Say “cheese,” and that’s often the result: A cheesy, plastered-on fake grin in a photo. Dean Fleischer-Camp, who directs the popular “Marcel the Shell With Shoes On” videos with former “Saturday Night Live” comedian Jenny Slate, pranks his friends by asking them to pose for photos, but taking video of them instead.

As a prank, it’s amusing, but as a look at what people do to pose for a photograph — the artifice, the forced stillness, the authenticity of a smile fading with each second that passes — it’s a fascinating study. It shows us how much posing for a photo brings us out of a moment and makes us vulnerable. Gawker wrote in a headline yesterday that it “inadvertently makes profound statement about the brevity of happiness,” as the subjects try to put their best face forward for the snapshots. It also wouldn’t be possible without modern cameras and camera phones, which make it difficult for the subject to know whether they’re being photographed or videotaped.

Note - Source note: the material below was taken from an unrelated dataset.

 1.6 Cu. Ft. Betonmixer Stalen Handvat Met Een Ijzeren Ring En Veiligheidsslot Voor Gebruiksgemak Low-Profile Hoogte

Fleisher-Camp’s video is reminiscent of Andy Warhol’s “Screen Tests” series of films in which he would invite Factory regulars, or just people he thought exhibited “star potential” to sit for a film portrait. The subject would stay as still as possible, often staring directly into the camera. Warhol made about 500 of these films, some featuring celebrities like Susan Sontag and Lou Reed.